By Illinois Radio Network/Cole Lauterbach
SPRINGFIELD – Rural Illinois school boards were again rebuffed in a bid to get additional support to push lawmakers to support allowing teachers to carry firearms in school.
Like last year, a proposal was considered to allow districts to set training guidelines and allow willing teachers to carry firearms. It was voted down at the Illinois Association of School Boards’ annual meeting on Saturday.
Association Vice President Ben Schwarm said rural school boards want the measure because they’re often farther away from police stations and have longer response times.
“There’s little or no police forces near them that serve them and they’ve got really long response times,” he said. “There was not a lot of awareness in some suburban areas that have professional police departments that are close.”
The main opposition came from Chicago and suburban districts, Schwarm said.

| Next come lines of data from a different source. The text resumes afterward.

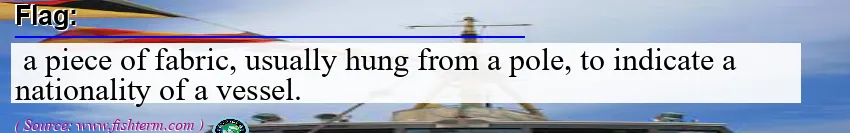 Image: Definition of flag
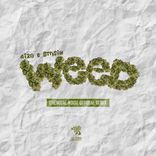 Artwork für "Weed (Chemical Noise Remix)"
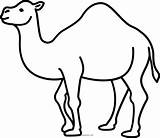 Cammello Colorare Disegno Ganado Camels Automatically Pngkey sketch template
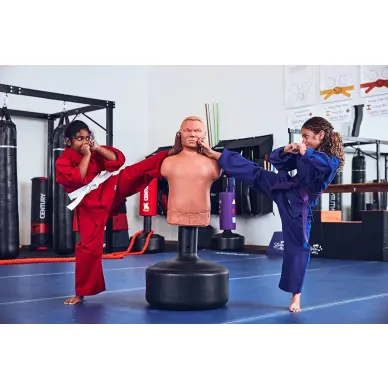 Punching Ball Bobby Bully Century - 4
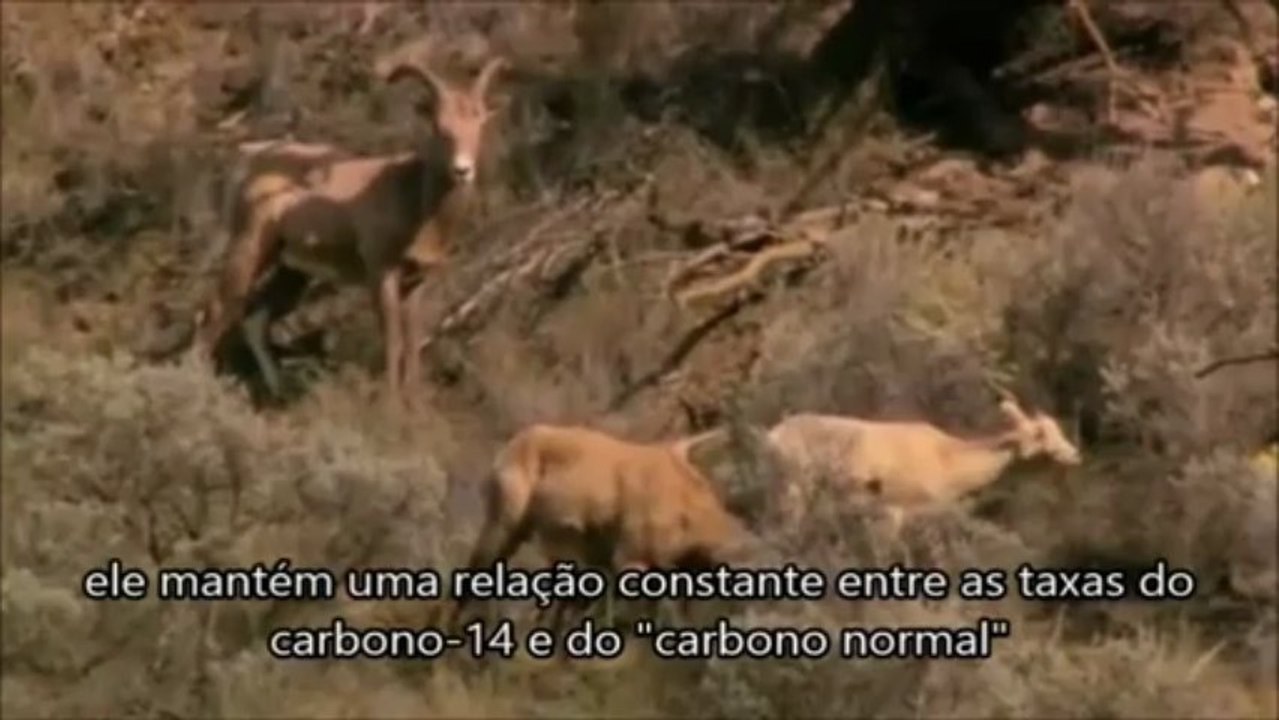 Carbono 14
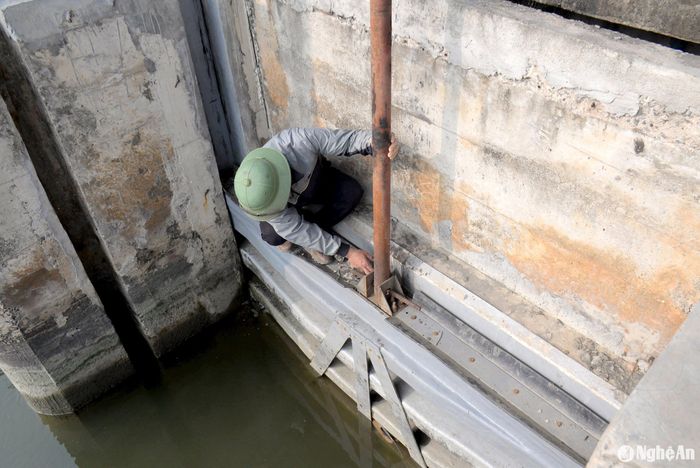 Cống cấp nước có 2 phai, trong đó 1 phai đã hư hỏng đang được tháo dỡ để sửa chữa, 1 phai còn lại cũng đang tình trạng nứt nẻ múi hàn, không thể kéo lên được. Ảnh: XH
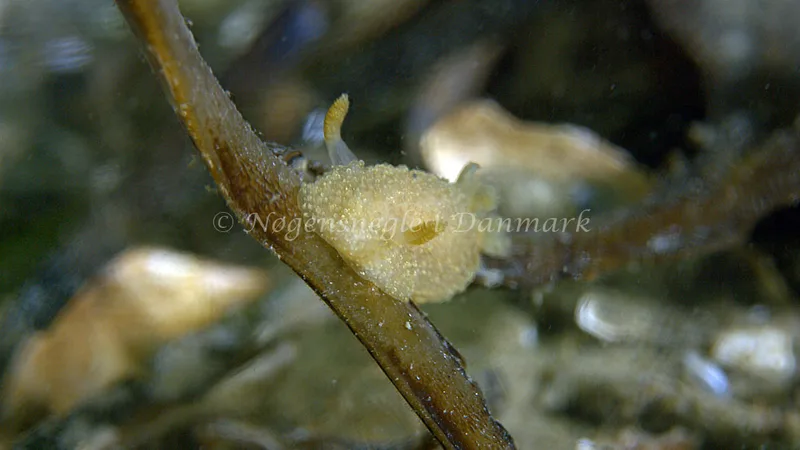 Acanthodoris pilosa - Trykkerdammen - Foto: Thomas Blume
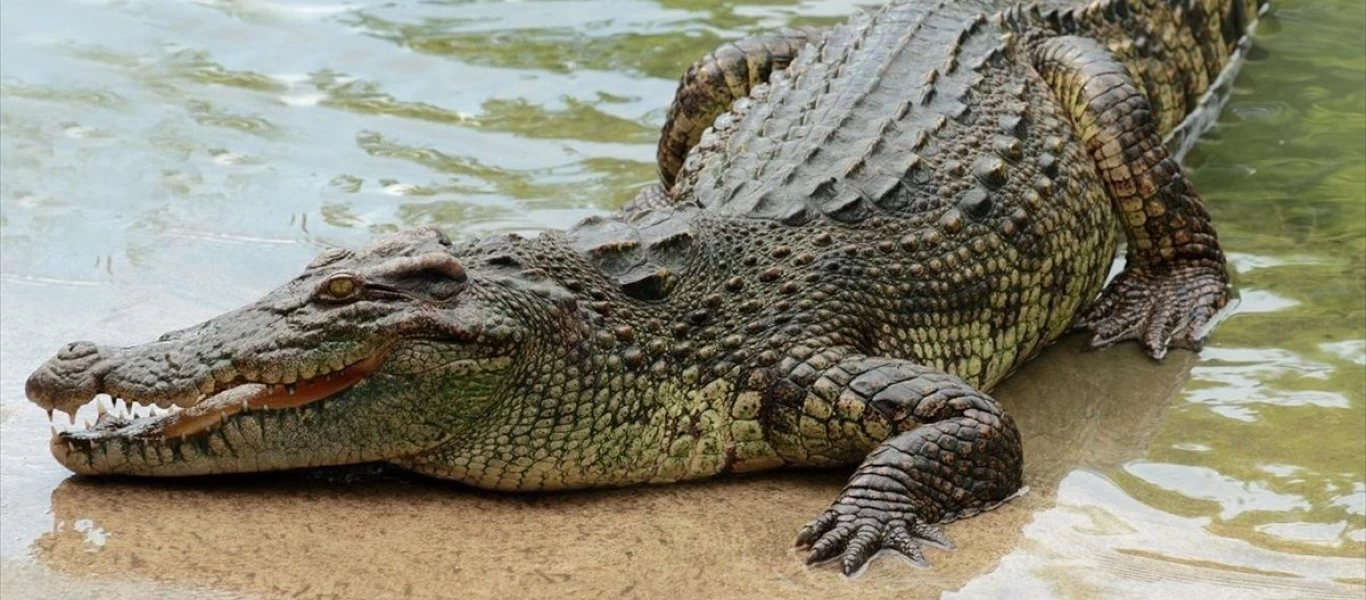 Αυστραλία: Κάνουν ευθανασία στους κροκόδειλους για να δουν αν έχουν στο στομάχι τους ανθρώπινα λείψανα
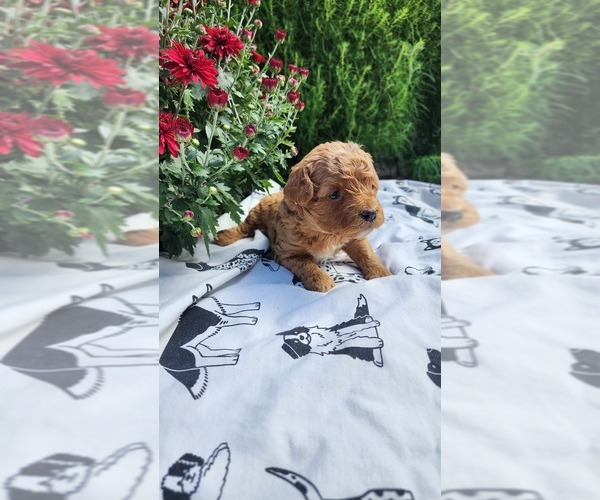 Medium Photo #4 Cavapoo mix (+ Poodle Miniature) Puppy For Sale in GREENWOOD, WI, USA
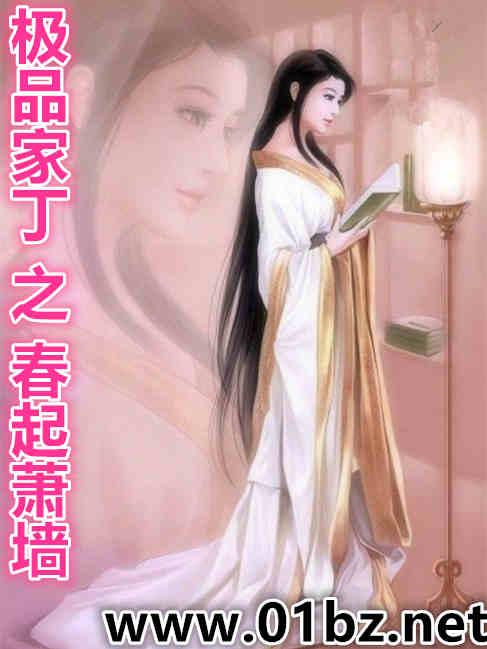 极品家丁之春起萧墙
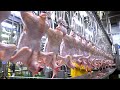  amazing mass production spicy chicken ribs making process  korean chicken factory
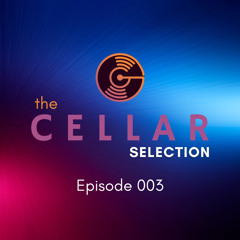 CSP: Episode 003 || Echomatics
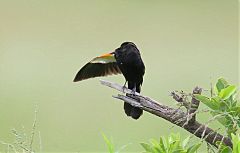 White-winged Widowbird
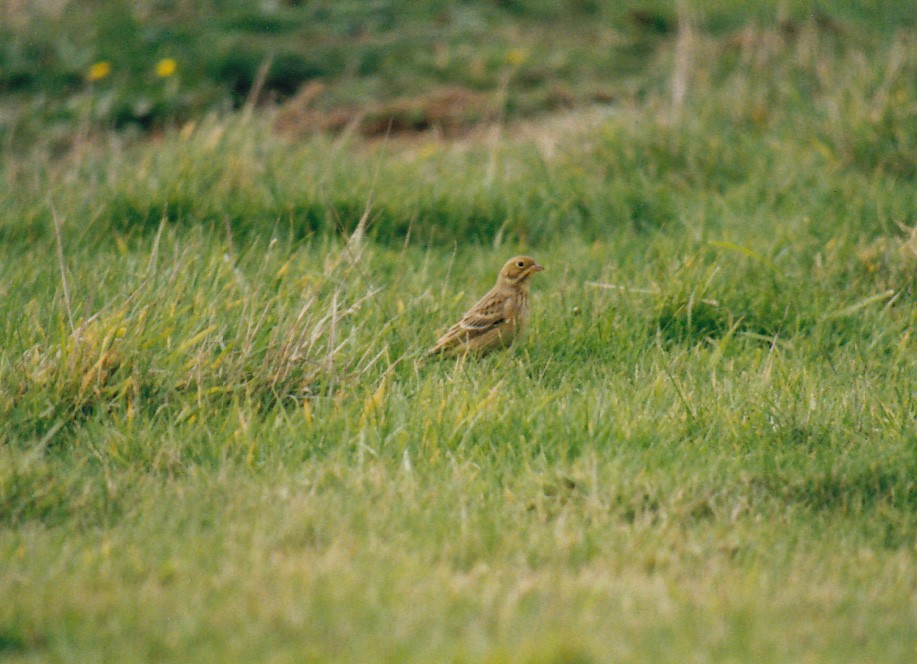 Ortolan Bunting - ML638476544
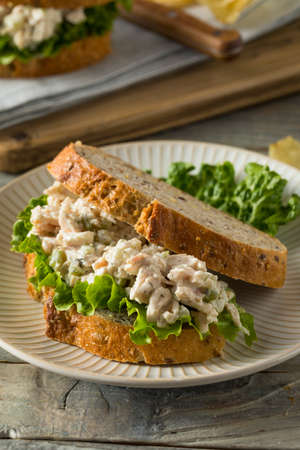 Homemade Healthy Chicken Salad Sandwich with Chipsの写真素材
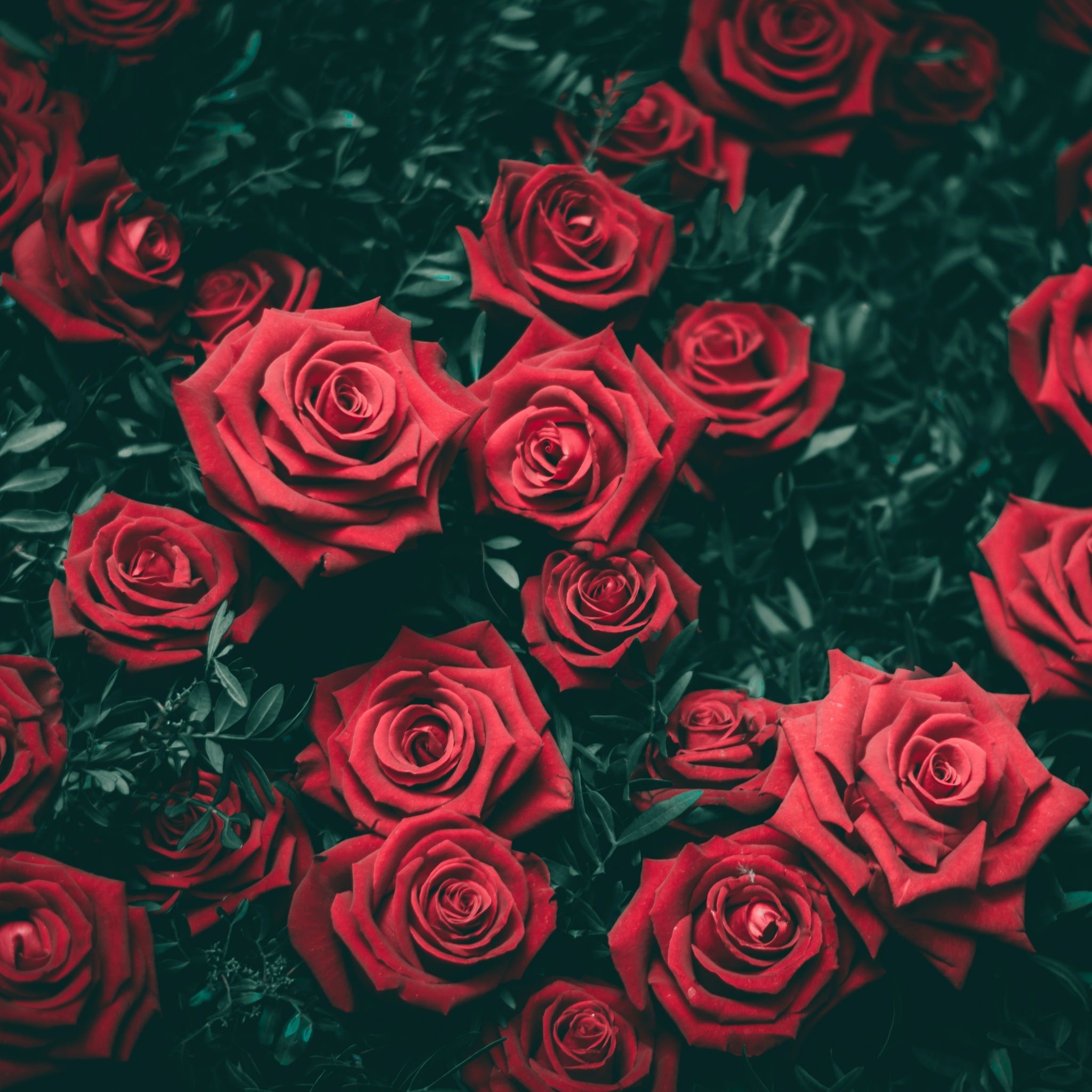 Red Roses Wallpaper 4K, Floral Background, Flowers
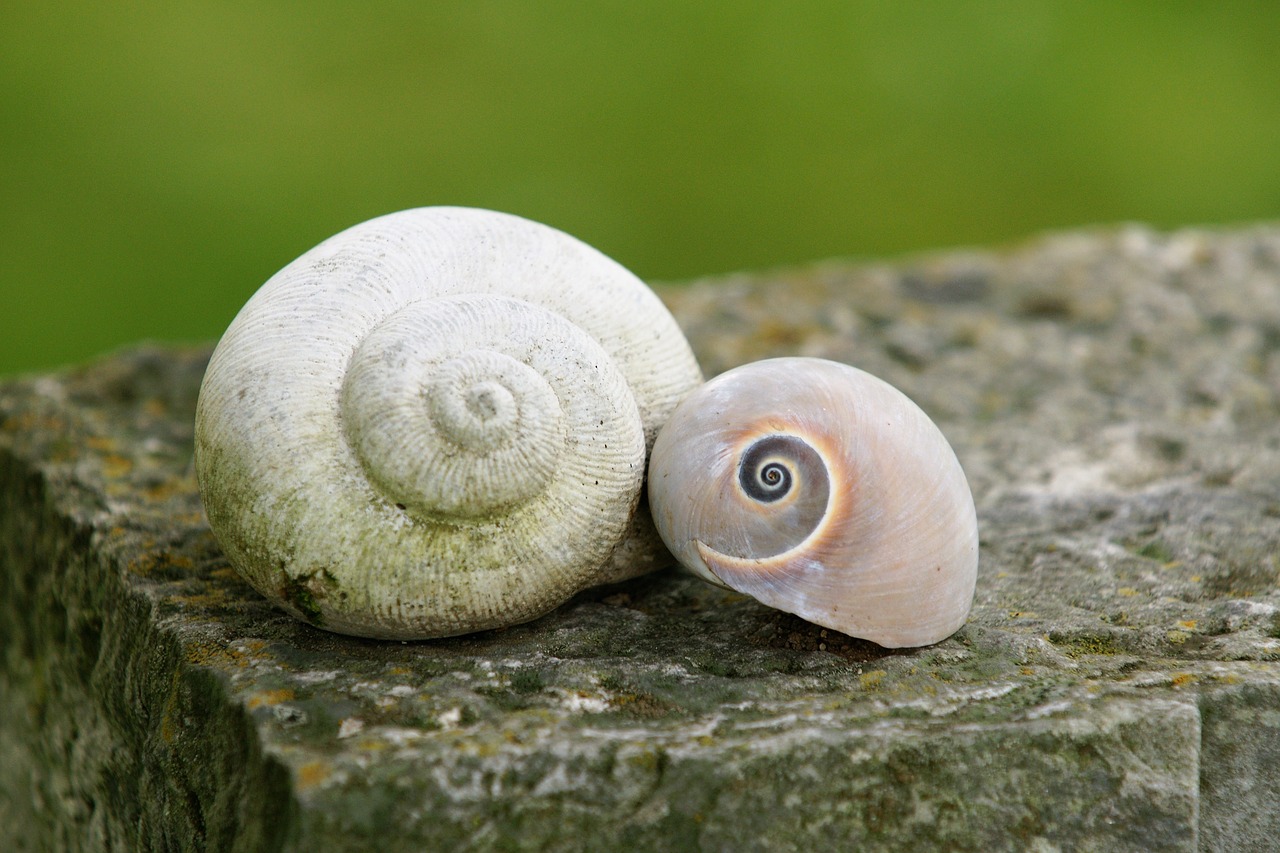 snails shell pair free photo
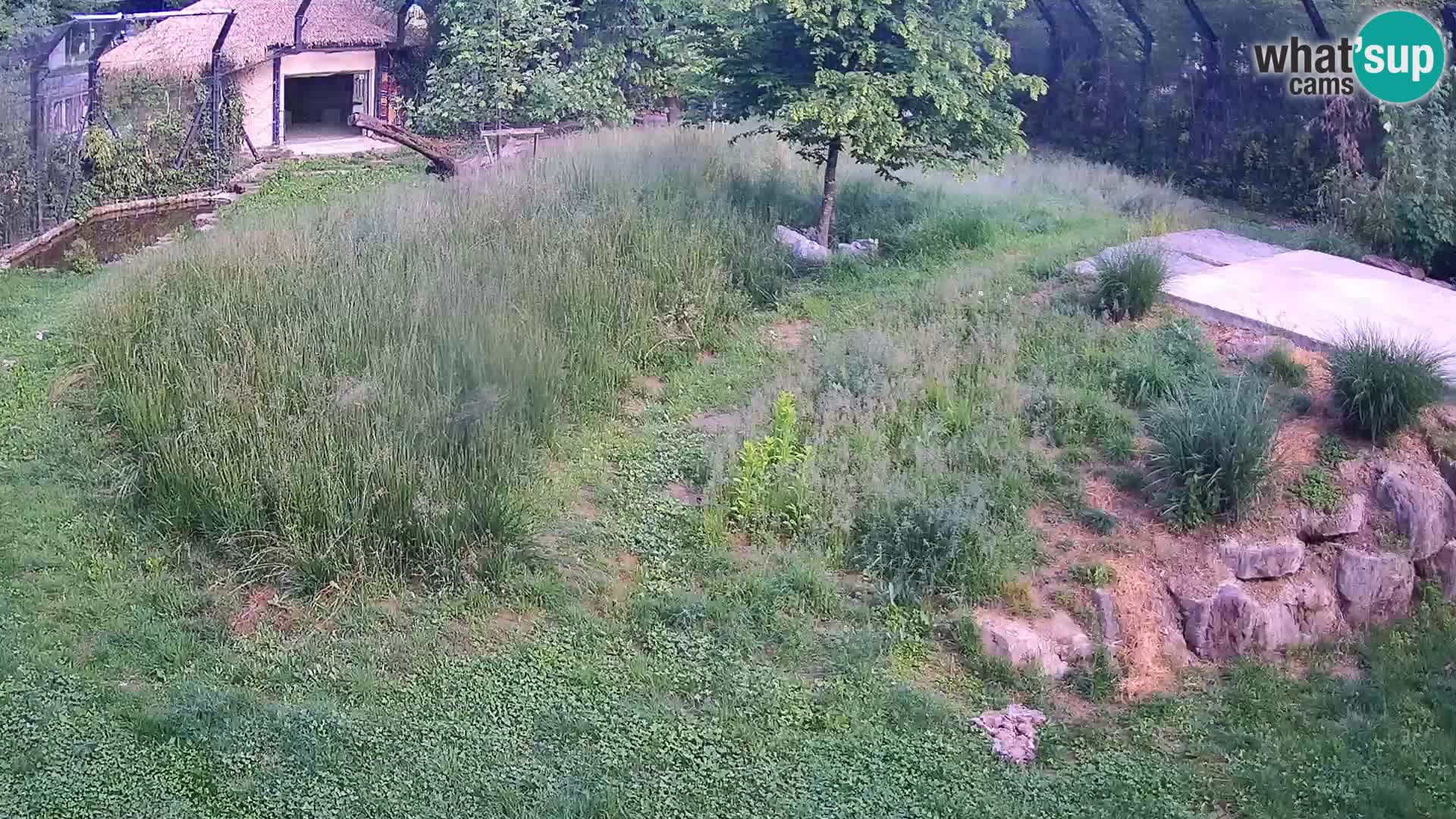 Zoo Ljubljana camera en vivo Leones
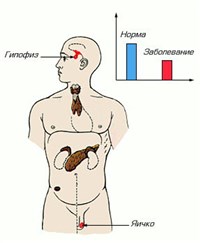 Климакс мужской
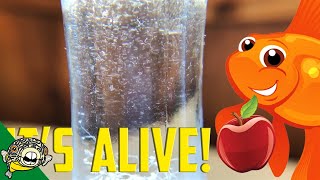 How to culture Vinegar Eels The EASY Way Live Fish Food [upl. by Fotina130]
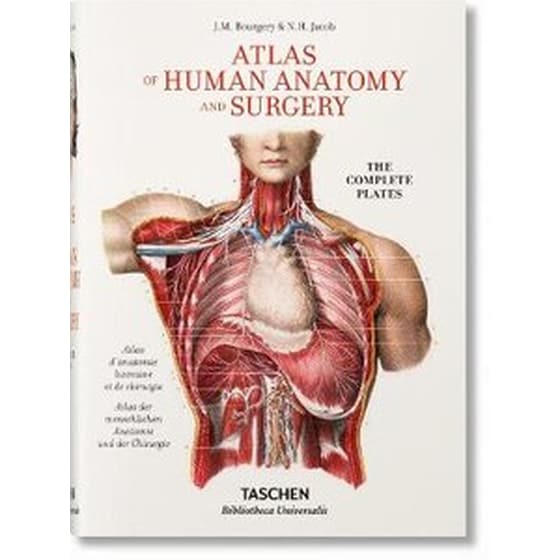 Bourgery. Atlas of Human Anatomy and Surgery image 0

The district representatives did back a measure that would have the state give the option to help pay for school resource officers, often a police officer.
The association will now propose or support legislation that would do that, Schwarm said.
Other measures the organization said it will pursue include:
- A resolution that would support school districts considering social responsibility goals – such as preferences for businesses owned by minorities, women, persons with disabilities, and veterans – in contracting.
- A school safety recommendation regarding traffic zones.
- Support for the centralization, through Regional Offices of Education, of background check processes for substitute teachers.
- Two resolutions involving terms and seating of school board members.
- Resolutions concerning the renewal of charter schools and requirements to service at-risk students.
- Amendments to position statements on topics of the Prevailing Wage Act, educational programs, charter school funding, and special education funding.
- Reaffirmed existing positions on standardized test procedures and student assessments.
Proposals relating to school board member swearing-in and school board member compensation were not recommended or called for a vote.